L’un des problèmes qui risque de durer encore néanmoins a trait à la grande complexité de l’évaluation des risques liés à l’ingestion de nanomatériaux : la toxicité des nanoparticules diffère en effet selon leurs caractéristiques physico-chimiques (dimension, forme, degré d’agglomération, etc.).
Les nanoparticules peuvent franchir les barrières buccale et intestinale et se diffuser dans l’organisme, s’accumuler ensuite dans les organes et y causer des perturbations voire des effets délétères, notamment sur le microbiote intestinal.
| Additif | Description | Risques potentiels |
|---|---|---|
| E171 (Dioxyde de titane) | Colorant blanc | Effets génotoxiques |
| E174 (Argent) | Colorant argenté | Toxicité pour le foie, perturbation de la flore intestinale |
| E175 (Or) | Colorant doré | Altération du microbiote intestinal, troubles métaboliques |
Devant les nombreuses incertitudes concernant les risques des nanos dans l’alimentation, beaucoup d’organisations publiques ou para-publiques ont émis des recommandations concernant l’utilisation de nanomatériaux ou nanotechnologies dans le domaine alimentaire.
Depuis 2009, l’ANSES appelle à améliorer les connaissances relatives aux dangers et à l’exposition des consommateurs aux nanomatériaux.
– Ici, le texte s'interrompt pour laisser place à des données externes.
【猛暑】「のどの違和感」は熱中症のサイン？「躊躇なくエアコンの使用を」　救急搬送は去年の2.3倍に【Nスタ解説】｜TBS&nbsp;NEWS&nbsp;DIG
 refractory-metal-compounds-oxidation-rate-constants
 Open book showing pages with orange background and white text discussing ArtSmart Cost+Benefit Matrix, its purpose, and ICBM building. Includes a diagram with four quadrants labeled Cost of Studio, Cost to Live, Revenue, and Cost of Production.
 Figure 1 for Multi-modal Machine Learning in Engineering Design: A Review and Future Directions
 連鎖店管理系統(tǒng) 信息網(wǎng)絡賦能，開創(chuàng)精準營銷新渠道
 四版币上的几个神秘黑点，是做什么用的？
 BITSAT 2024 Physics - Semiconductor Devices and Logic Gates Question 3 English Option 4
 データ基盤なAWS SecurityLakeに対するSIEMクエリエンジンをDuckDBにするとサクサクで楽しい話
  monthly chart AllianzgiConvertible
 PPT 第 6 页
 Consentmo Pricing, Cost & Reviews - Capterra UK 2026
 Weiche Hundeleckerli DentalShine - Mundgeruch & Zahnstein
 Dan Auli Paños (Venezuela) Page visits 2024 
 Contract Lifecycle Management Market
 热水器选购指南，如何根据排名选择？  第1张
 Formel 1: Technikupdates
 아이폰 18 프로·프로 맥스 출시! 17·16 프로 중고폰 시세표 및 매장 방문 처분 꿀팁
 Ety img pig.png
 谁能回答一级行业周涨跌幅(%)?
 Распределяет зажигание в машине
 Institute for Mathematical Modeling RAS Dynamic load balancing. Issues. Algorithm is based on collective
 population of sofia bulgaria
Un « groupe de travail » (« GT nano alimentation ») composé d’experts indépendants a été mis en place courant 2017.
Dans un contexte général où les consommateurs se montrent de plus en plus suspicieux envers l’alimentation industrielle, la réticence et la méfiance des consommateurs vis-à-vis des nanoparticules dans l’alimentation sont croissantes.
Il est crucial d'améliorer les connaissances sur les dangers et l'exposition aux nanomatériaux, de renforcer les évaluations des risques et de mettre en place une communication transparente et participative avec les consommateurs. Une approche globale, prenant en compte la qualité de l'aliment et les effets cocktails potentiels, est essentielle pour garantir la sécurité alimentaire.